- _Brief_:
Return, with both end lines included, exactly what the data below holds from the line with "Zulay Kitchen Powerful" through the line with "Set of Abstract", though not the pictures.
─── Given information ───
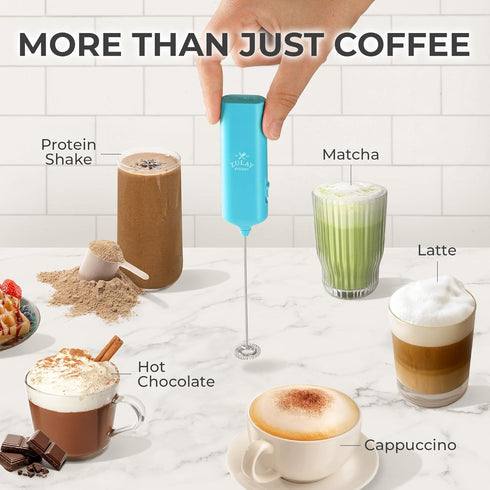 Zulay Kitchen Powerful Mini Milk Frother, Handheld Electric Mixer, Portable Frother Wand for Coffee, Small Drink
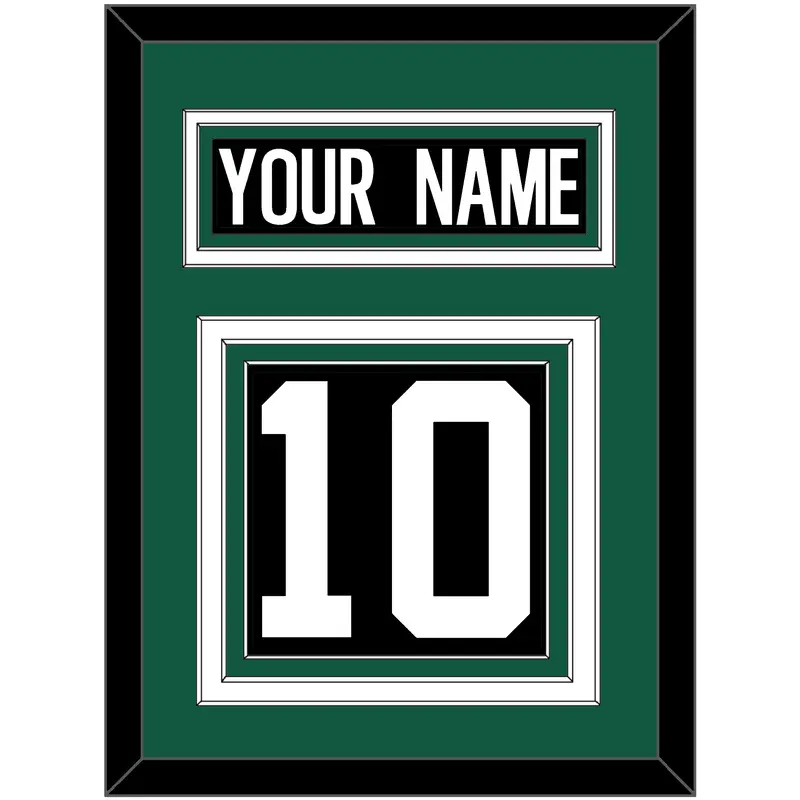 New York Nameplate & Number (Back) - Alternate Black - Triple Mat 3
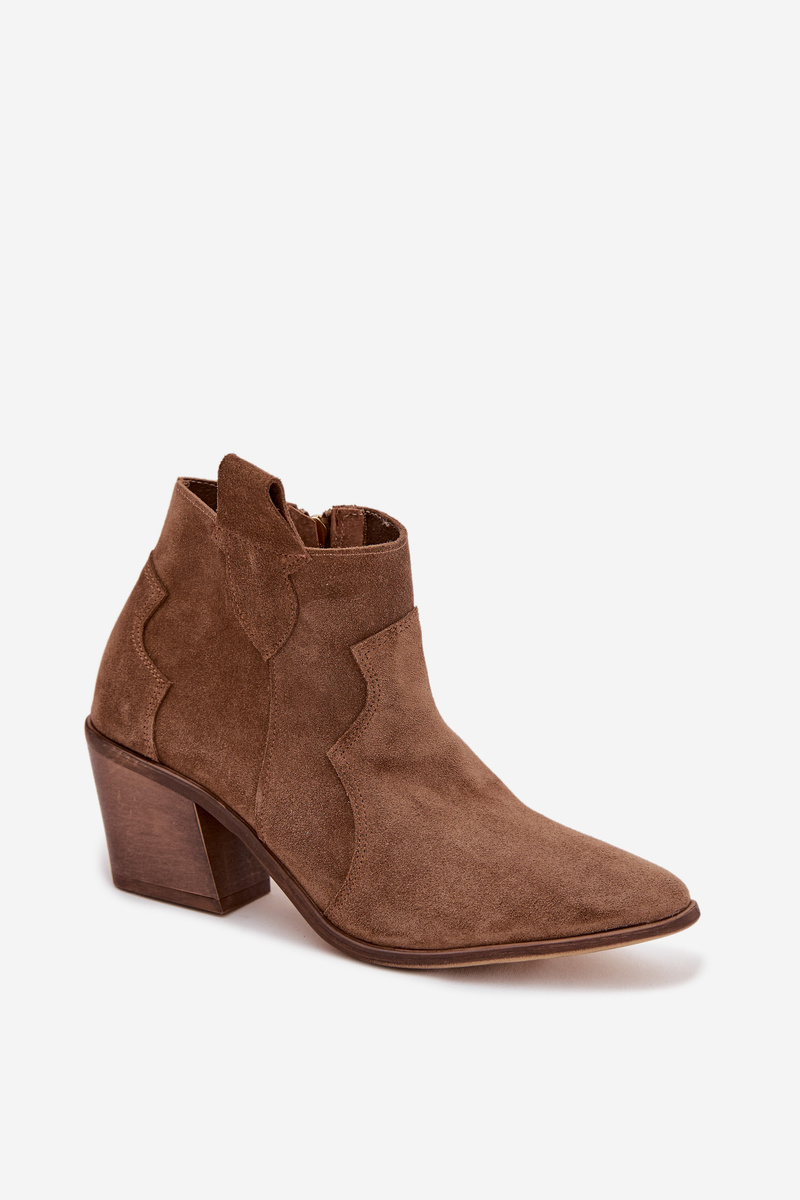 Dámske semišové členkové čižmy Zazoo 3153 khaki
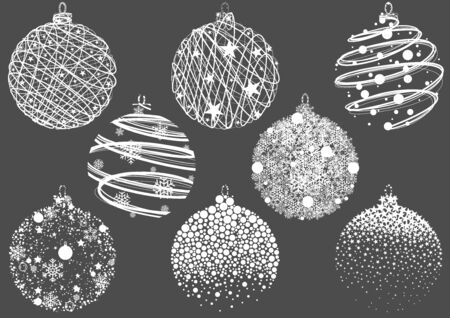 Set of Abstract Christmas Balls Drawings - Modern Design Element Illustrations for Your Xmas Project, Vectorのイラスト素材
───
─── Given information ───
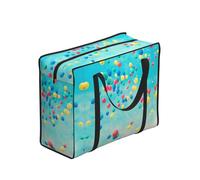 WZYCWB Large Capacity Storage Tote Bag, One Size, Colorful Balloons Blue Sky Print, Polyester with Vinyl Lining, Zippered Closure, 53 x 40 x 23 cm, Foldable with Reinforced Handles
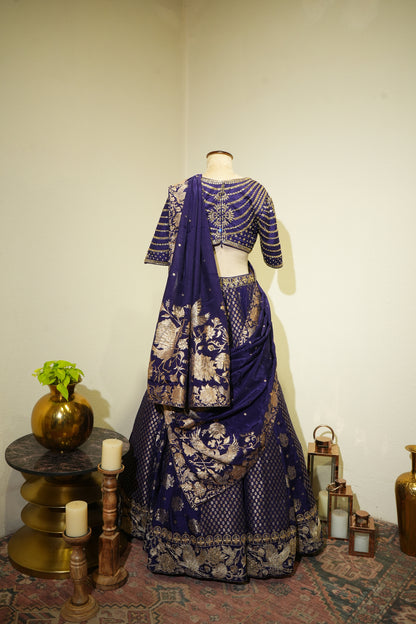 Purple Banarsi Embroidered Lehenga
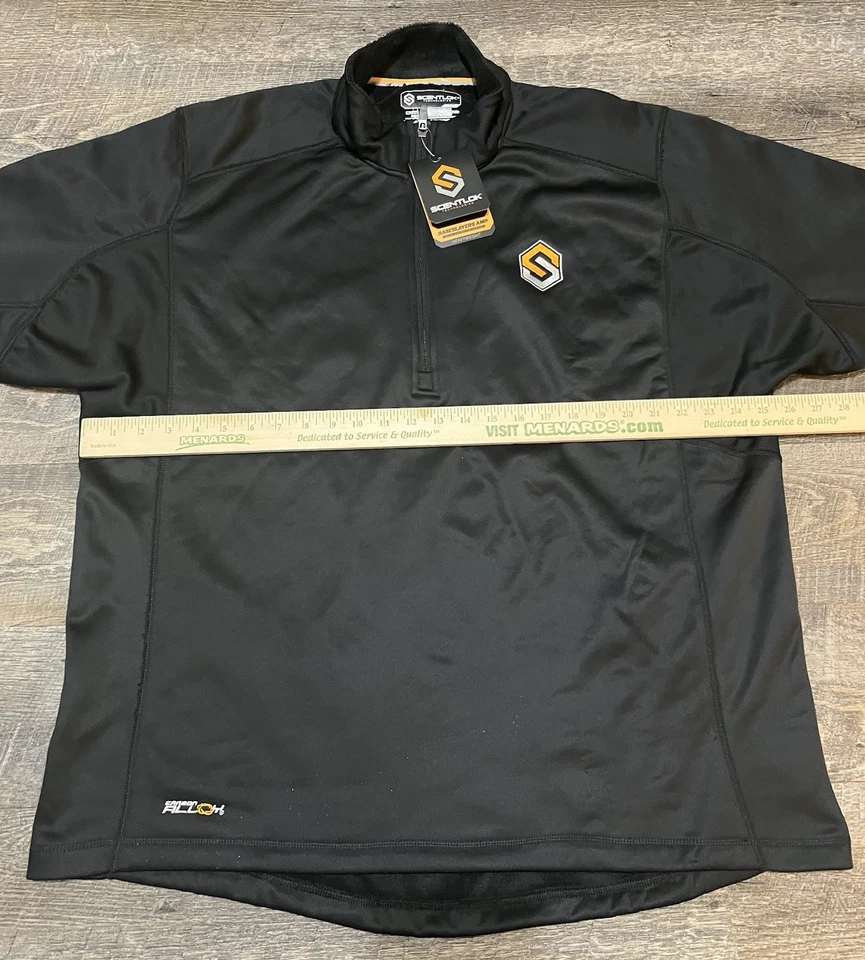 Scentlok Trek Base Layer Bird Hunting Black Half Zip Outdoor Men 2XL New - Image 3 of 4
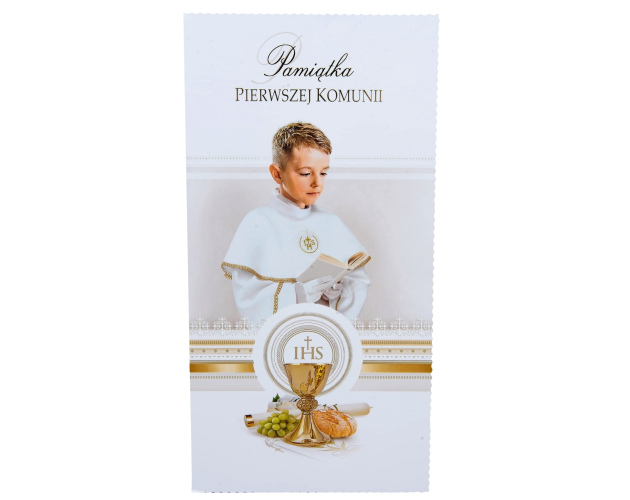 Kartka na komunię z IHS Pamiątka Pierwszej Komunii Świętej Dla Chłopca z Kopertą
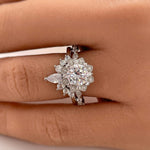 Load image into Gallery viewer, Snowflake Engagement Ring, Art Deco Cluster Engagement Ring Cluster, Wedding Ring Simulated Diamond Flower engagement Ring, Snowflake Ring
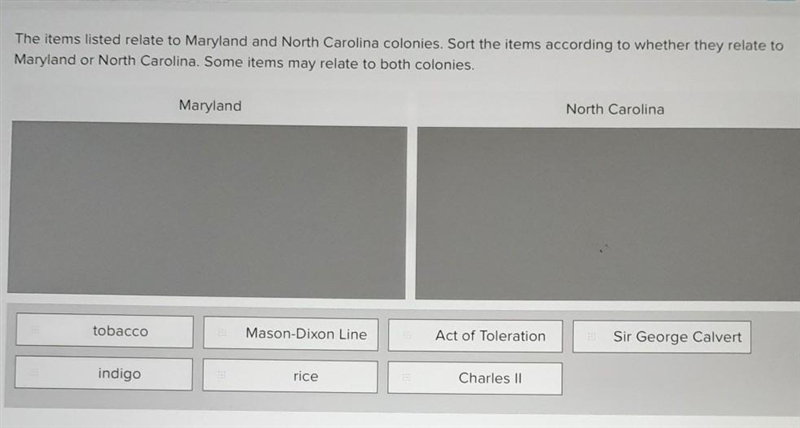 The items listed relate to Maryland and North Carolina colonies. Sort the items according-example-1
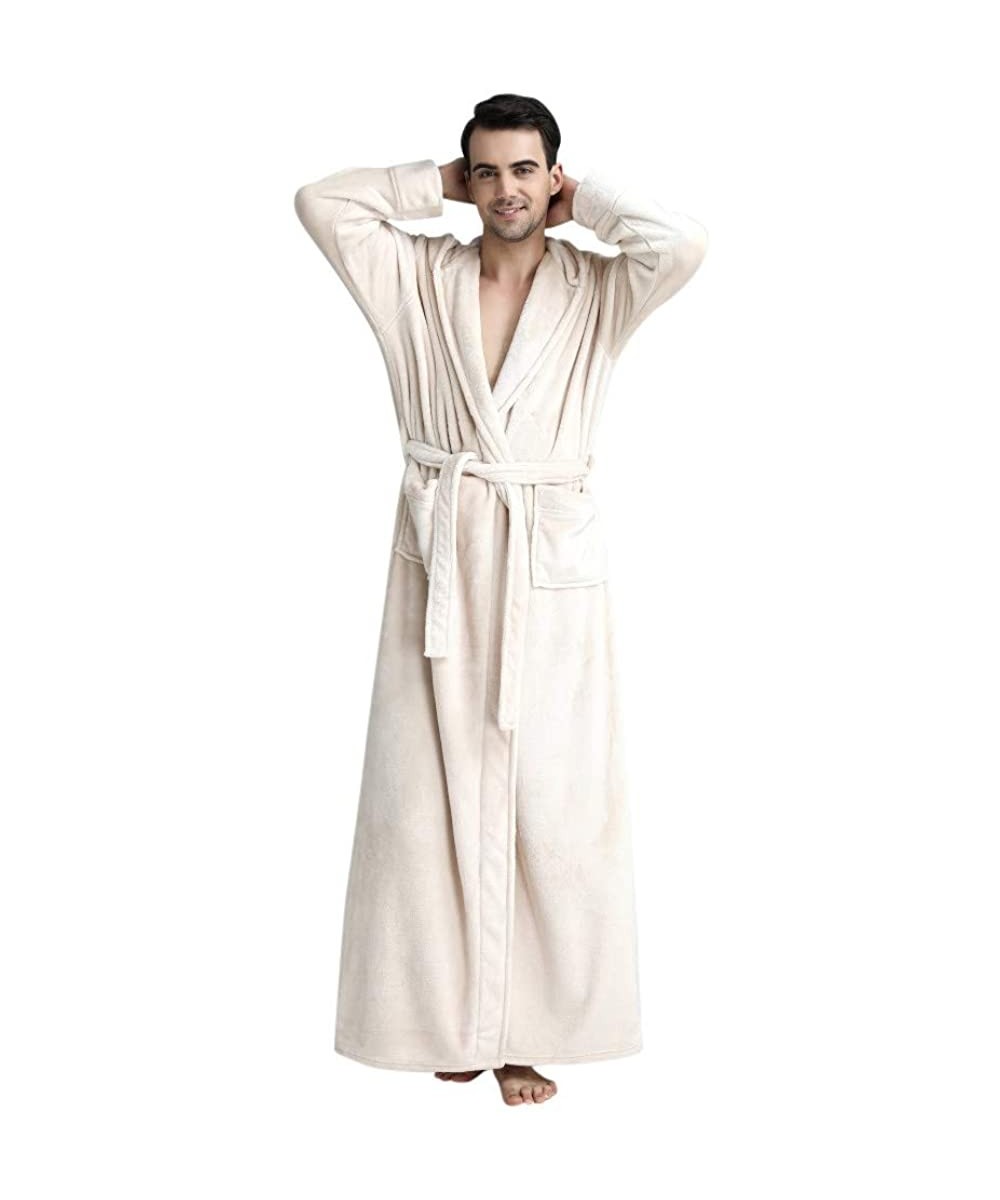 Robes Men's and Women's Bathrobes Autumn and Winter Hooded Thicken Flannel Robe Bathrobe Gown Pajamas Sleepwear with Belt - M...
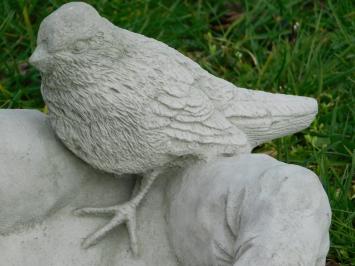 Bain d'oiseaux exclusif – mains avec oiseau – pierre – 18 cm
───
- _Worked solution_:
 Zulay Kitchen Powerful Mini Milk Frother, Handheld Electric Mixer, Portable Frother Wand for Coffee, Small Drink
 New York Nameplate & Number (Back) - Alternate Black - Triple Mat 3
 Dámske semišové členkové čižmy Zazoo 3153 khaki
 Set of Abstract Christmas Balls Drawings - Modern Design Element Illustrations for Your Xmas Project, Vectorのイラスト素材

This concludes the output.